▸ **Task objective**:
Give back exactly the lines from the one holding "JOURNAL STANDARD relume「バルジ" to the last line of the entries, both included, and nothing more.

Stored data:

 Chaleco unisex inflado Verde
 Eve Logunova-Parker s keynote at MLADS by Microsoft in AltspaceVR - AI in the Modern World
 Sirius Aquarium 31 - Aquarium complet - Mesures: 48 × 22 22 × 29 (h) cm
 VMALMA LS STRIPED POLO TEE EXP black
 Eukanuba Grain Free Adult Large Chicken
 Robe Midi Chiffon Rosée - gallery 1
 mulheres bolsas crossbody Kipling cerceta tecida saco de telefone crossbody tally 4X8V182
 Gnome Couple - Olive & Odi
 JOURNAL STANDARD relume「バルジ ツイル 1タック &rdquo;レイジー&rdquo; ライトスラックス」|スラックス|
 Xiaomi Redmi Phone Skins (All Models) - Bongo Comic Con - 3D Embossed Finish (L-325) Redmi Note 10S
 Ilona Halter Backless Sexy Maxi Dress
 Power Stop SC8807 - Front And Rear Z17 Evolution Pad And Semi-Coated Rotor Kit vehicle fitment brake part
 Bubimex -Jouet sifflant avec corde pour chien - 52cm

▸ **Result for this task**:
 JOURNAL STANDARD relume「バルジ ツイル 1タック &rdquo;レイジー&rdquo; ライトスラックス」|スラックス|
 Xiaomi Redmi Phone Skins (All Models) - Bongo Comic Con - 3D Embossed Finish (L-325) Redmi Note 10S
 Ilona Halter Backless Sexy Maxi Dress
 Power Stop SC8807 - Front And Rear Z17 Evolution Pad And Semi-Coated Rotor Kit vehicle fitment brake part
 Bubimex -Jouet sifflant avec corde pour chien - 52cm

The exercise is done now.